##### Supplied material

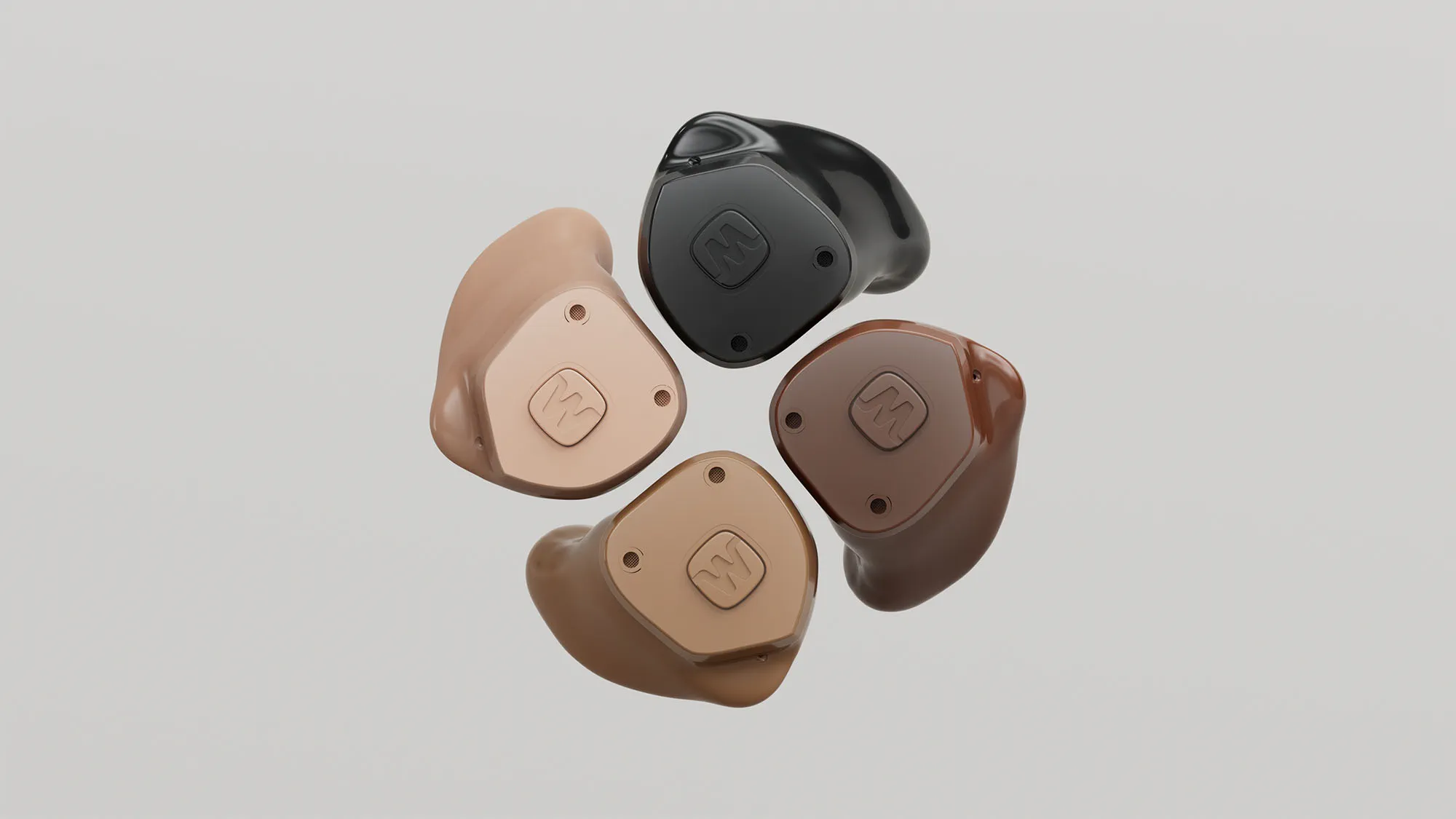 Widex Allure ITE R D hearing aids range in 4 different colours- nearly invisible in-the-ear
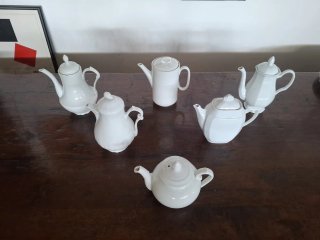 Collezione 6 teiere porcellana Francese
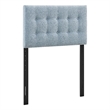 Pemberly Row Padded Upholstered Twin Headboard in Sky Blue Cotton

##########

■ Task prompt:
Repeat the data exactly, without the pictures.

■ Answer:
 Widex Allure ITE R D hearing aids range in 4 different colours- nearly invisible in-the-ear
 Collezione 6 teiere porcellana Francese
 Pemberly Row Padded Upholstered Twin Headboard in Sky Blue Cotton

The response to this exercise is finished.